I told her what I had read in The Road to Hell, that men encouraging child prostitution were criminals, but from an economic point of view a woman choosing to go into prostitution was making a rational decision. It was one of the rare chances for a woman to make real money. Susanna was not impressed with this argument.
I had a job in a factory, sitting at a machine, and then I realized I was sitting on a gold mine, the prostitute says, summing up her calling. The snag with trying to persuade prostitutes of the wrongness of their profession was the crystal logic of this.

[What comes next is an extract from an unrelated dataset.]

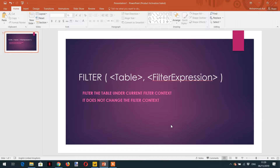Hello and welcome to the course. In today's lecture we will learn about a very important function: FILTER. The FILTER function takes two parameters — the first parameter is the table, and the second parameter is the filter expression. The FILTER function filters the table under the current filter context, and importantly, it does not change the filter context.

Leviticus also had a great deal to say about harlotry — the ones that could and couldn’t be temple harlots, how it was forbidden to marry them, how the Lord said to Moses: Go, take yourself a wife of harlotry and have children of harlotry.
Susanna said, ‘Not just prostitutes. I mean, the sex is terrible. People here have sex all the time.’
‘Africans tend to have sex within their own age group,’ I said, quoting the Samburu elder I had met in Kenya.
‘No,’ Susanna said. ‘Boys sleep with grannies. Girls go with men. Women commit adultery. They start having sex when they’re six or eight years old.’
‘Maybe playing at it,’ I suggested. And I thought, really if you were looking for graphic illustrations it was more satisfying to discuss sex with a Christian like Susanna than with a jaded libertine.